You can use this table to determine what type to use for the attribute:

Type When to Use Examples
Number The values are only numeric and are not restricted to a set list. Numeric employee ID, invoice amount
Date The value is a date without a time. Hire date
Date/time The value can have both a date and a time. Departure date and time
Entity The attribute is associated with a value list entity. Note that if the value list enumerates all the valid values (that is, a closed list) and the values are rarely used in natural language utterances, you should add synonyms for the values in the list. status (closed), supplier names (open)
String Use for text that can contain numbers and characters where it doesn't make sense to associate with a value list. Alpha-numeric invoice number, product description
Query entity Only use when you need to link to another query entity. No examples
Boolean Do not use. Not applicable

Define Query Rules

Here's how you use an entity's settings on the Entities page to control the ways in which end-users can ask about the data and how to evaluate the results.

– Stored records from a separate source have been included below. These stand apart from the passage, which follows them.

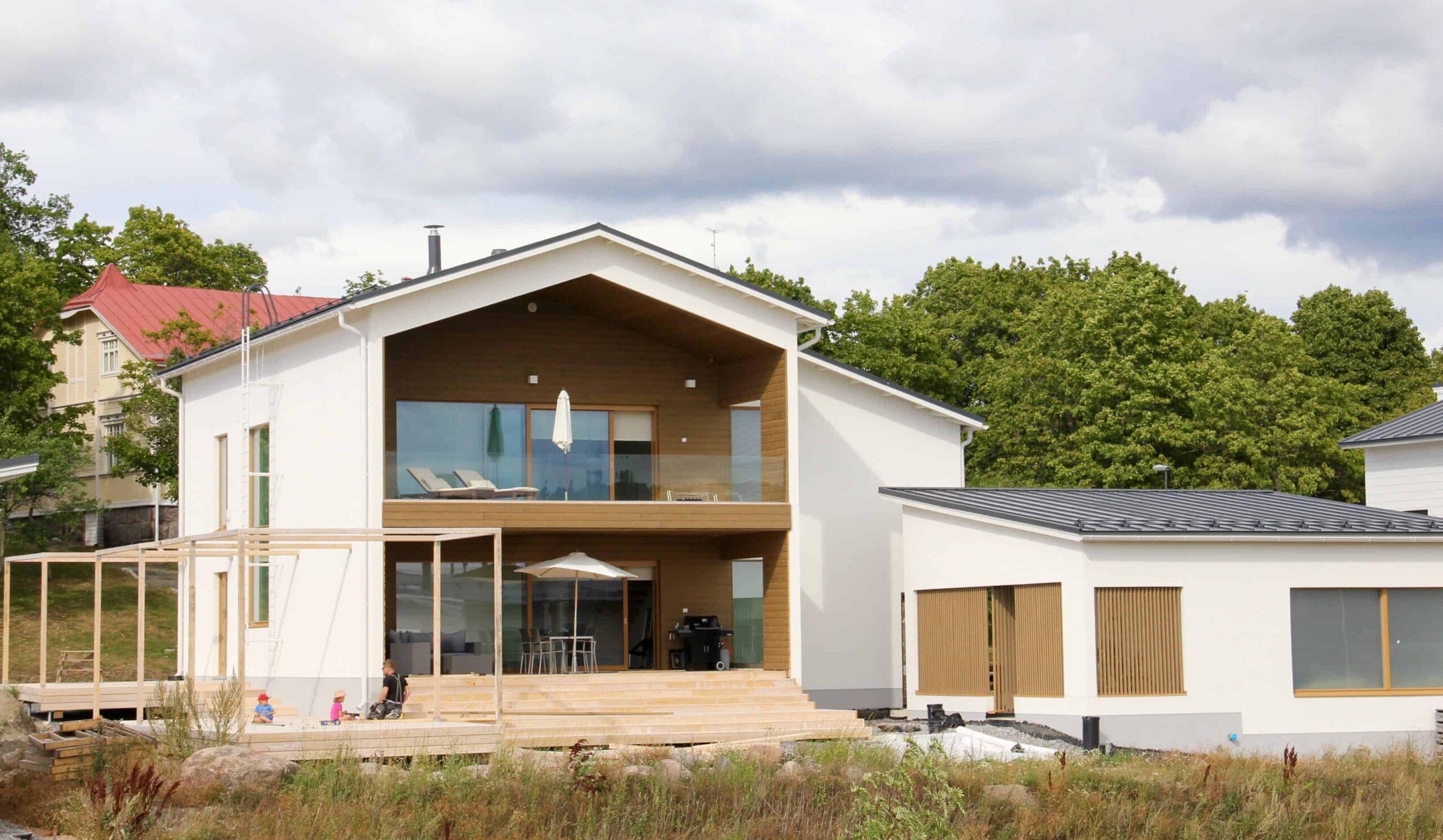 pre-painted, hard-wearing exterior cladding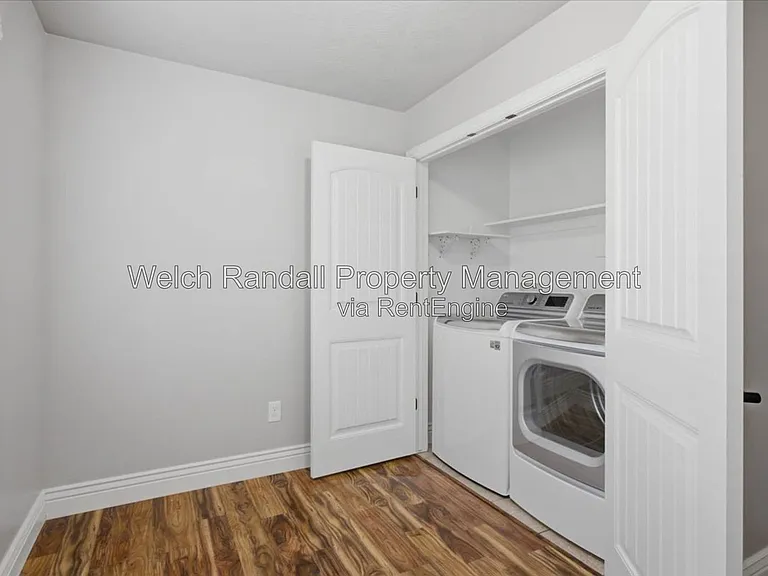 2106 E Sunnyvale Dr — Photo 25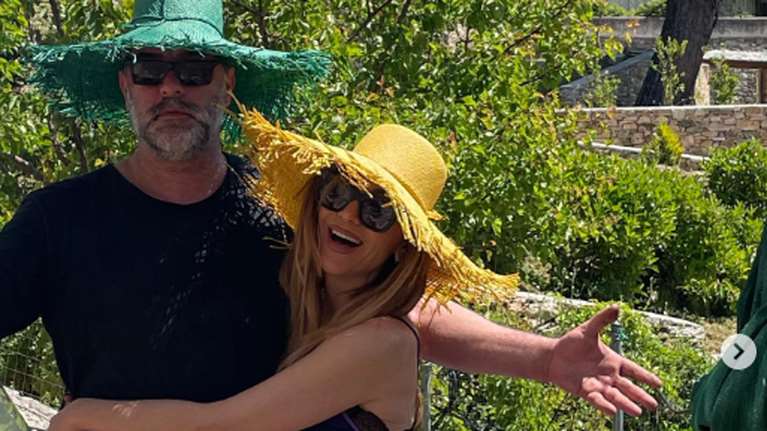 Βανδή - Μπισμπίκης: Παρέα διασήμων το Πάσχα στο Πήλιο - Ποιοι άλλοι ήταν μαζί τους [εικόνες]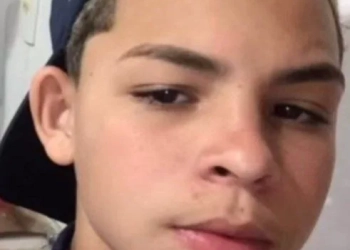Traficante de 13 anos é morto numa operação em comunidade do Rio!!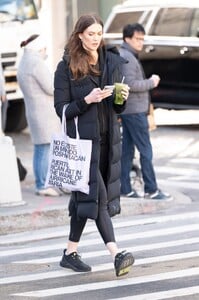 karlie-kloss-out-on-valentine-s-day-in-new-york-02-14-2023-4.jpg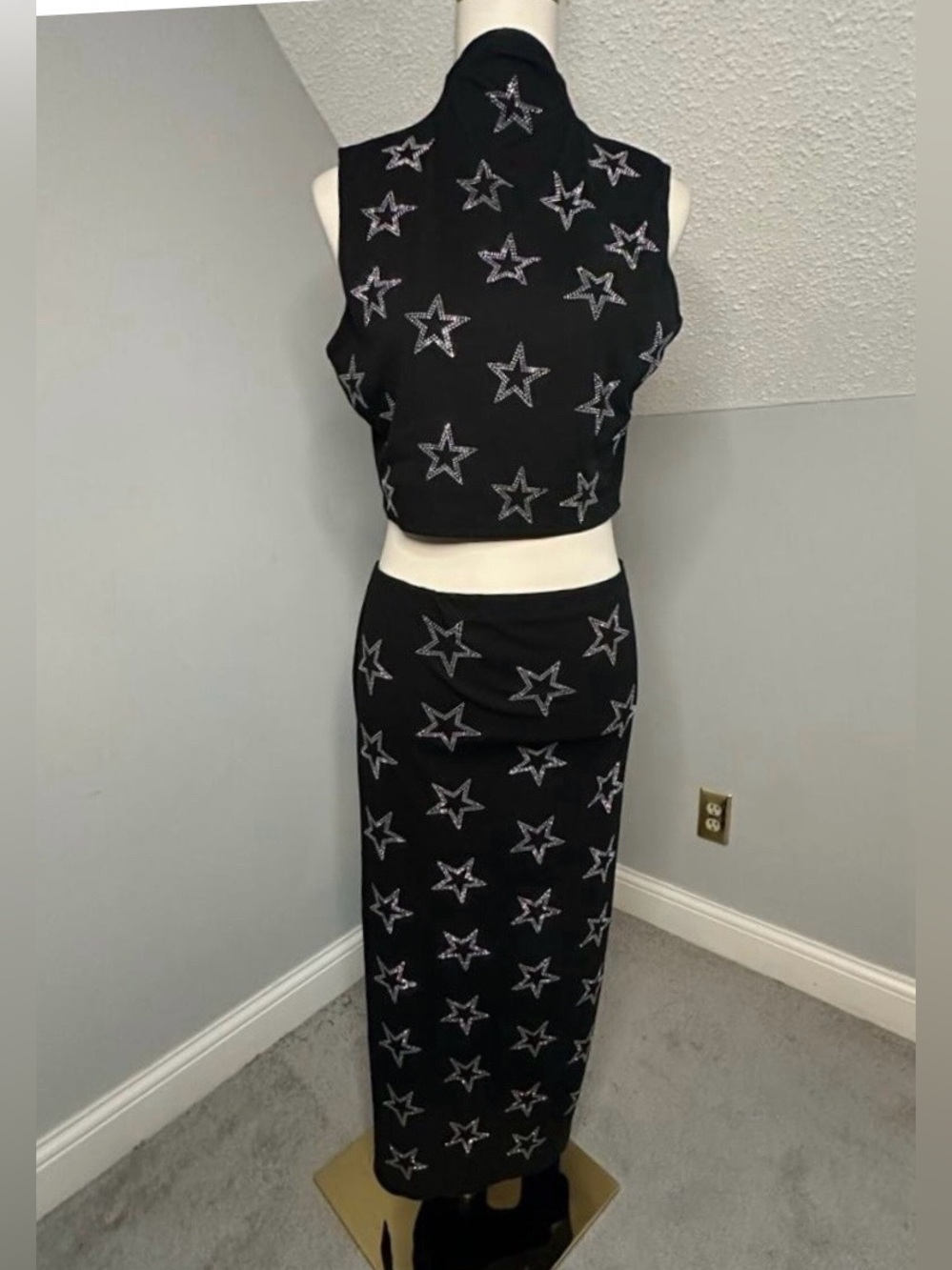 EUC Kate Hewko 2 Piece Crop Top Maxi Skirt Set Sz XL Black Embellished Stars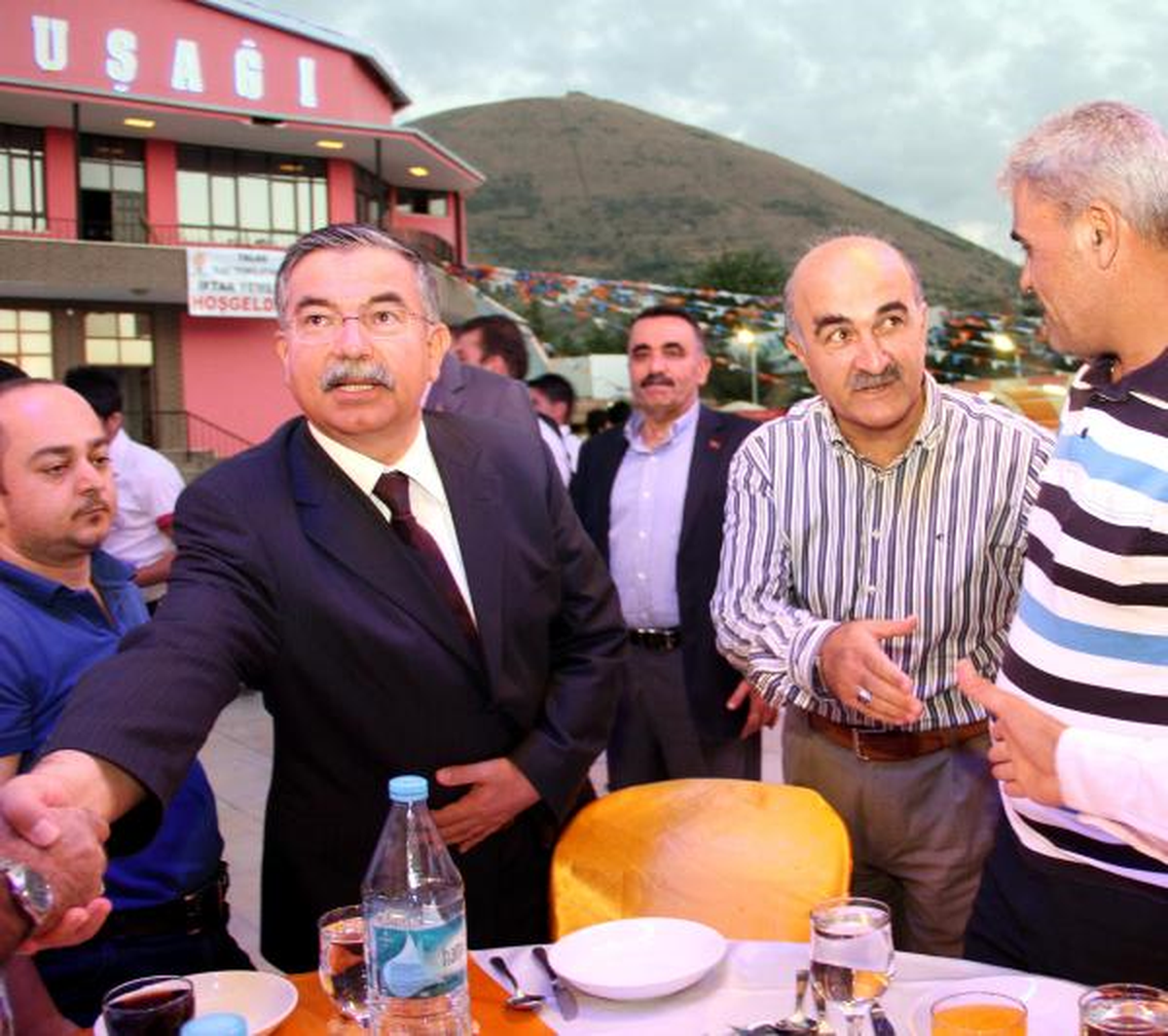 Milli Savunma Bakanı Yılmaz; Bizim Yolumuz Sevgi Yoludur
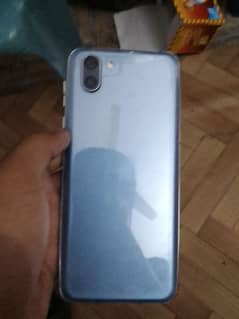 Aquos r2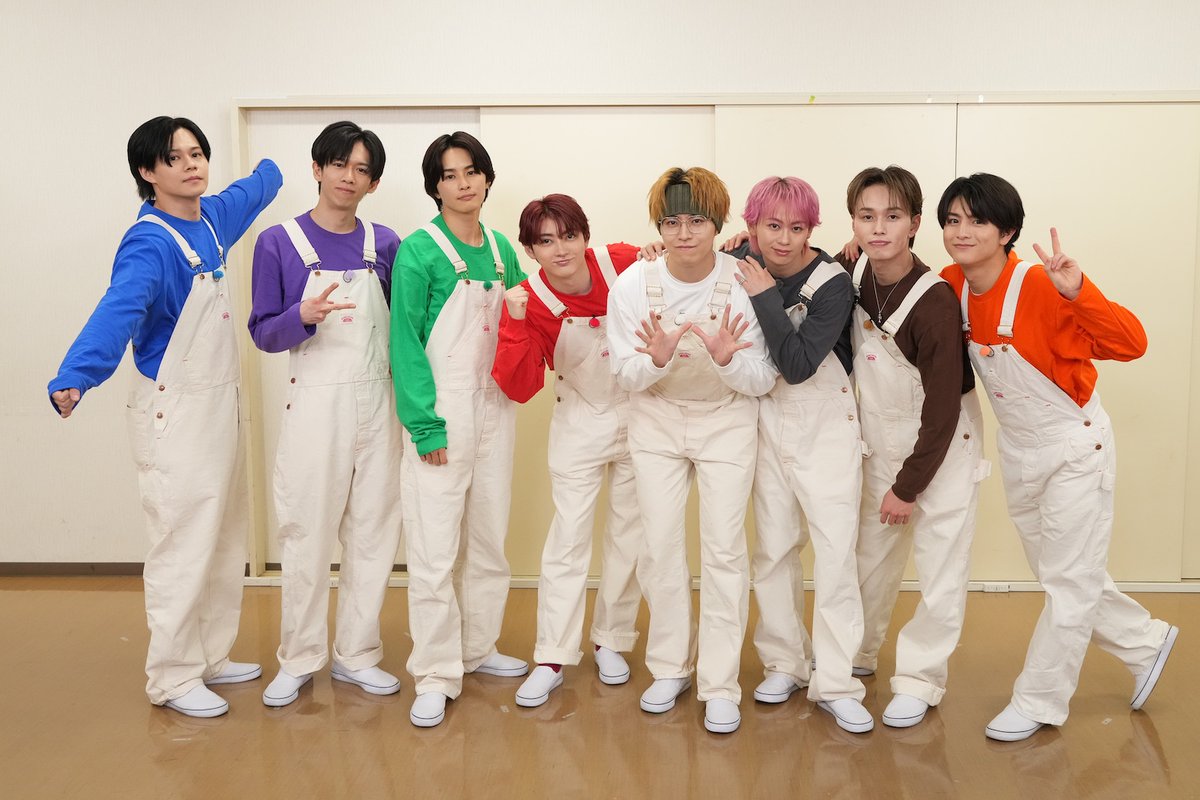 fujitoretari's tweet photo. 超特急の撮れ高足りてますか？
今夜！9/8(火) 24:45
フジテレビ（関東ローカル）放送
「タカシのファンタジーツッコミ引き出し選手権」後編
ボケまくり不思議なロケ模様をお見逃しなく！
https://t.co/UyYmqdc6jQ
#超特急トレタリ #超特急
※ スポーツ中継延長の際、放送時間繰り下げの場合有 https://t.co/hb8YmEZMBh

You can test your changes by clicking Preview to open the conversation tester and entering an utterance to retrieve the appropriate data.

Tip:

Some of the changes that you make will require natural language parser (NLP) retraining. When you test your changes, if the Train icon has a red badge (train icon with badge), you'll first have to click Train and complete the training process.
  • Identify Which Attribute to Use for Measuring or Comparing: If the utterance asks to compare entity items to a number or asks to rank the entities using a superlative like greatest or least, which measurable attribute, if any, should the skill use to perform the comparison? Say, for example, the users ask about the greatest supplier, you might want the skill to use the rating attribute for comparisons. To specify which attribute to use for measuring or comparing, go to the entity's General tab and select the attribute from the Measure By drop-down. If the ranking is opposite of numerical order, such as 5 being better than 1, then you should also set the attribute's Invert Comparison to true on its General Information tab.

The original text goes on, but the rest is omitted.